The only risk was if large numbers of subprime mortgages defaulted at once — but the market for the CDOs didn’t price in this risk, or any of the risk, to the entire financial system or to average taxpayers, even though plenty of warnings signs had already appeared. Once homeowners started missing payments and CDO losses struck banks covered by federal deposit insurance, or those banks deemed to large to fail, the circle was complete.
On Main Street, that meant good-bye 401(k), hello populist posse.
Intentions vs. Rules
Friedman blames the confusion between CEO ignorance or misjudgment on the one hand and greed on the other, on economists succumbing to “the intentions heuristic.” That’s a conceptual mistake and habit of mind that Friedman says should remind us of “how fundamentally destructive of good social science the heuristic can be.”
“Economists are poorly equipped to recognize ignorance when it is staring them in the face — because most economic models assume that economic actors are rational representative agents and are, in effect, omniscient,” Friedman writes.
Differences in judgments, about risks especially, are the heart of a healthy capitalist system, says Friedman.
Regulations, on the other hand, belong to a sad category of human endeavor that foul up the things they mean to set right, or worse, provoke disasters through unforeseen interactions with other regulations. Friedman makes the case for rethinking the entire role of regulatory government. He believes all the regulations involved in last year’s disaster – bank capital rules, deposit insurance, mark-to-market or “fair value” accounting – set the stage for what went wrong.
“Even sweeping regulatory programs may be plagued by their designers’ ignorance of unanticipated effects,” Friedman writes.
That doesn’t bode well for pay reforms.
The G20 ministers also are writing new pay rules.
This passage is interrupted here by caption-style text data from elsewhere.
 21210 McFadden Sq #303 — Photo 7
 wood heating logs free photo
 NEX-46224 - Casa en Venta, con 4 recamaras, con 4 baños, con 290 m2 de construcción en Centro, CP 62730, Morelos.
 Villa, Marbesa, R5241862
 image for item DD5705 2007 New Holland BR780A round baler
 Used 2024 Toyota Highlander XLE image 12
They agreed in principle at their recent meeting in Pittsburgh to delay much bank compensation, possibly by “clawing back” bonuses placed in pools for three years and to delay other forms of compensation (but not to cap absolute pay). Some companies have already adopted such pay measures voluntarily, and others have plans to limit golden parachutes for exiting executives. Financial services industry lobbyists pledge to fight anything beyond these measures.
There are as many cures as there are doctors, and most are what could be described as reluctant regulators.
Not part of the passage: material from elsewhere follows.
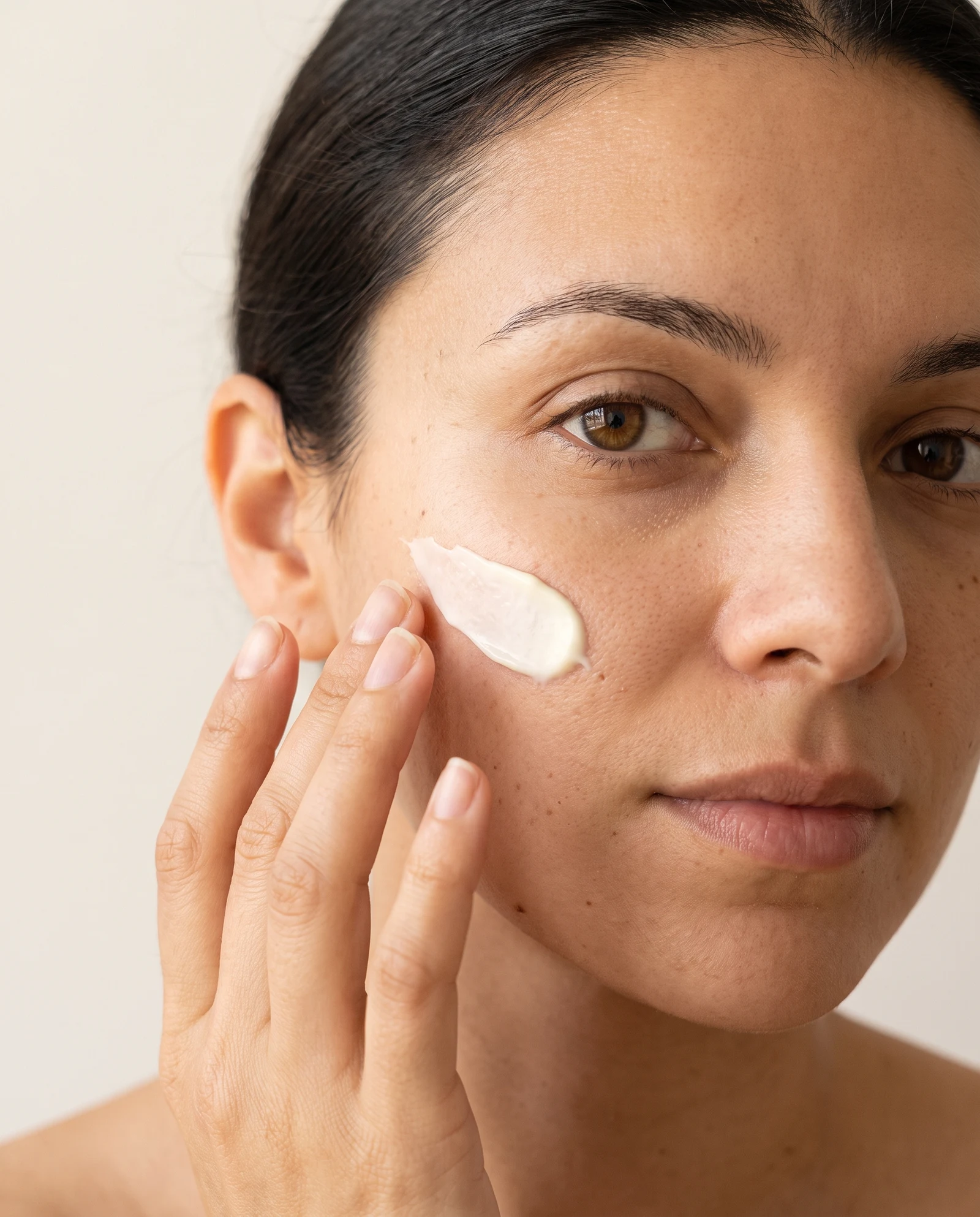 Aplicación de Crema Facial
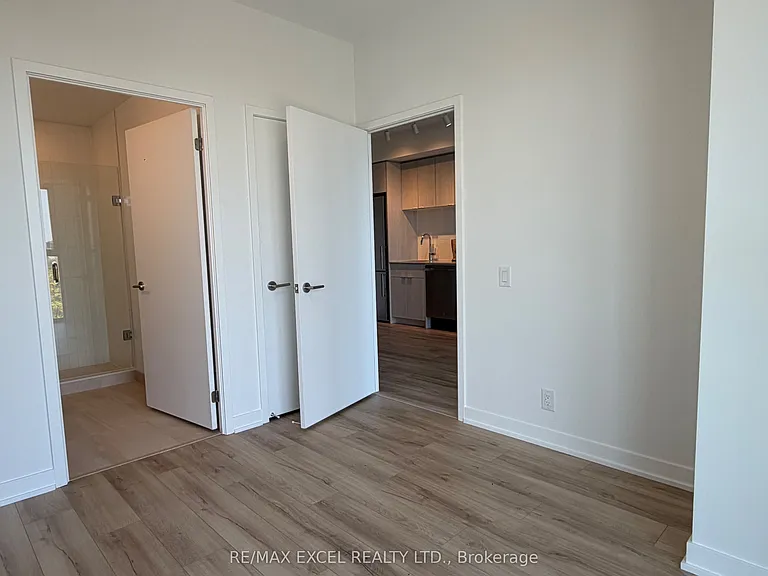 1660 Bloor St W #1013 — Photo 12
Richardson, Acharya and several co-authors favored bonus pools and claw-backs, saying that existing compensation structures are too short-term and “induce perverse risk-taking.” Their views comprised a section of a book called Restoring Financial Stability (Wiley, 2009).
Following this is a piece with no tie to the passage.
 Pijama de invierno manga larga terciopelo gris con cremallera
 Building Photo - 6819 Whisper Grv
Writing more recently in the Financial Times, Richardson says that with some of the curbs on bank pay now being considered “the cure will be far worse than the disease” because restricting compensation will “stifle innovation, shift top-priced talent from the regulated to the unregulated sector.”
Still another reluctant regulator is Richard A. Posner, the law professor, judge and author of A Failure of Capitalism (Harvard University Press, 2009). He believes some pay reforms are in order, but he’s wary because the actual trading decisions are made lower down in a corporation, and “it is hard to see how the government could fix the salary schedule for the entire professional staff of a bank.” Lawyers will create loopholes to get around the rules, he says.
Posner suggests raising marginal tax rates on the most highly compensated people in all fields as one way to limit repugnantly lavish paydays. And if that means fewer bright academic stars will be heading to Wall Street after graduating college, he adds, that might not be the worst thing.
Or, in a world of unintended regulatory consequences, it might.